Enns is a member of the Society of Biblical Literature and has served on the Wisdom in Israel and Cognate Literature Session steering committee since 2006. He is also a member of the Institute for Biblical Research, where he served on the board of directors from 2004 to 2007 and the editorial board for the Bulletin for Biblical Research from 2002 to 2004.

In 2017, Enns launched the Bible For Normal People Podcast (B4NP) together with Jared Byas. In the weekly podcast, mainly theologians, but also musicians and journalists are invited and interviewed on biblical topics. Guests of the podcast so far have included Rob Bell, Richard Rohr, Brian McLaren, Jodi Magness, Rachel Held Evans, Bart D. Ehrman, Nadia Bolz-Weber, Jon D. Levenson and Kristin Kobes Du Mez.

Enns is currently the Abram S. Clemens professor of biblical studies at Eastern University (St. Davids, Pennsylvania).

Enns resides in southeastern Pennsylvania.

==Academic work==

Enns's academic interests include Old Testament theology, Biblical Theology, Wisdom Literature (especially Ecclesiastes), the New Testament use of the Old Testament, Second Temple literature, and the general issue of how the historical context of the Bible affects how the nature of Scripture is understood within Reformed tradition and Evangelical commitments. He has written many articles, essays, dictionary and encyclopedia entries, and book reviews on varied topics surrounding the Old Testament and its interpretation (see "Books" and "Articles and Essays" below). His 2008 edited volume (with Tremper Longman III), Dictionary of the Old Testament: Wisdom, Poetry, and Writings (IVP), won the Christianity Today "Award of Merit" for 2009 and the Evangelical Christian Publishers Association’s "2009 Christian Book of the Year" award in the Bible Reference and Study category. His 2012 publication, The Evolution of Adam: What the Bible Does and Doesn't Say about Human origins, won the gold award in the Religion category of the 2012 ForeWord Reviews Book of the Year Awards.
Enns has also contributed to a Bible curriculum for grades 1–12 Telling God's Story, and a book on the hermeneutical implications of the discussion between Christianity and science. He has also taught courses at Princeton Theological Seminary, Harvard University, Fuller Theological Seminary, Eastern University, and Biblical Theological Seminary.

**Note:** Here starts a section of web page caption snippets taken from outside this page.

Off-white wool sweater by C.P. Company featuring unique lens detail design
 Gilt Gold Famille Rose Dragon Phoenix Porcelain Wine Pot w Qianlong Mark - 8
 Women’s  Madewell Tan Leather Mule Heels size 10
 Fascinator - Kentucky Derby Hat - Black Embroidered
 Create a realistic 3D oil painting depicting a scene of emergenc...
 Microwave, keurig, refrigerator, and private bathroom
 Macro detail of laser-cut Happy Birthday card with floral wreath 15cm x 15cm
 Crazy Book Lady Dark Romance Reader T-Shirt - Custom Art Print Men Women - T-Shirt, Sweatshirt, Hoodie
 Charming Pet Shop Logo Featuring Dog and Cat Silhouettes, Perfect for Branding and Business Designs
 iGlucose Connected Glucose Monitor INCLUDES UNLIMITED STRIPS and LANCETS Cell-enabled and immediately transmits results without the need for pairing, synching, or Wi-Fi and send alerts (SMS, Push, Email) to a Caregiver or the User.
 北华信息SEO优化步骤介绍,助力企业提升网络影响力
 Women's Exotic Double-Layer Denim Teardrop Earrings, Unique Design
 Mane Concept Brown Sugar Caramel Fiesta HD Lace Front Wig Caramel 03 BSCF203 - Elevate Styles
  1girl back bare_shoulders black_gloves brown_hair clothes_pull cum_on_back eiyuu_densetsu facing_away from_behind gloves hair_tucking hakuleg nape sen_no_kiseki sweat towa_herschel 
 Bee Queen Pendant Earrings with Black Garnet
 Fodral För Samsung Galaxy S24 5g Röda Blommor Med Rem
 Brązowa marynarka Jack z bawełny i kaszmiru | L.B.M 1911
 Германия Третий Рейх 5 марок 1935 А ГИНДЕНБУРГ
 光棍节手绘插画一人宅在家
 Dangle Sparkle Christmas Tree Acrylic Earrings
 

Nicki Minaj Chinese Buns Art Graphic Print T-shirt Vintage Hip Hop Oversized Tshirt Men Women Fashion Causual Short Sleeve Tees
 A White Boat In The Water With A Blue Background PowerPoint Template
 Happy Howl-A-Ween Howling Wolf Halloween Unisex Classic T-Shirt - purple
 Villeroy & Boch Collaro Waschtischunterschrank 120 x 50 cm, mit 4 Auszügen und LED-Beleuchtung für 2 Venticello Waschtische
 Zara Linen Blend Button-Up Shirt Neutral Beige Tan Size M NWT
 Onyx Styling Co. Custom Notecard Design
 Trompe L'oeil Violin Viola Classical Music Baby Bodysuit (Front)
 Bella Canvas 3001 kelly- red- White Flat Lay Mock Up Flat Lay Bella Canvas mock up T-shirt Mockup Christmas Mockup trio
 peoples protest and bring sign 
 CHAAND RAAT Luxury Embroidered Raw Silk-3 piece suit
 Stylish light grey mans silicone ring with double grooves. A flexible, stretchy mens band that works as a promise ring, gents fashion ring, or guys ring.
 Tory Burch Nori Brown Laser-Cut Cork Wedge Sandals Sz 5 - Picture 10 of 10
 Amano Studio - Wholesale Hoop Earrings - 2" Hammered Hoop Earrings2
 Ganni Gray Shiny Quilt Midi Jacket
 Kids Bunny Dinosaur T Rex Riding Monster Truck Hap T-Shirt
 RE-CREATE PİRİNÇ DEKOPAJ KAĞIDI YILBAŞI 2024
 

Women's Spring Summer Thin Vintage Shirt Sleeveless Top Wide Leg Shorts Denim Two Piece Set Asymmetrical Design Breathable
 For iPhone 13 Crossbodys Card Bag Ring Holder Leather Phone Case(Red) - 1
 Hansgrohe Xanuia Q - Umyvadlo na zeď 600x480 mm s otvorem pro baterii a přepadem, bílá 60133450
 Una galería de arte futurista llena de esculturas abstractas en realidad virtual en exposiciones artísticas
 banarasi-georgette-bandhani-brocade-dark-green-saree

==Inspiration and Incarnation==
Enns garnered significant attention for his 2005 book Inspiration and Incarnation: Evangelicals and the Problem of the Old Testament. His stated purpose for writing the book is "to bring an evangelical doctrine of Scripture into conversation with the implications generated by some important themes in modern biblical scholarship—particularly the Old Testament—over the past 150 years". Enns's primary audience is those readers who find it difficult to maintain their faith in God because "familiar and conventional" evangelical approaches often mishandle the challenges raised by modern biblical scholarship. Enns writes that evangelicals commonly take a defensive posture to new ideas, and that such defenses are "exercises in special pleading, attempts to hold on to comfortable ideas despite evidence that makes such ideas problematic. It is precisely the ineffectiveness of certain ways of thinking about the Bible that can sometimes cause significant cognitive dissonance for Christians who love and want to hold on to their Bible, but who also feel the weight of certain kinds of evidence".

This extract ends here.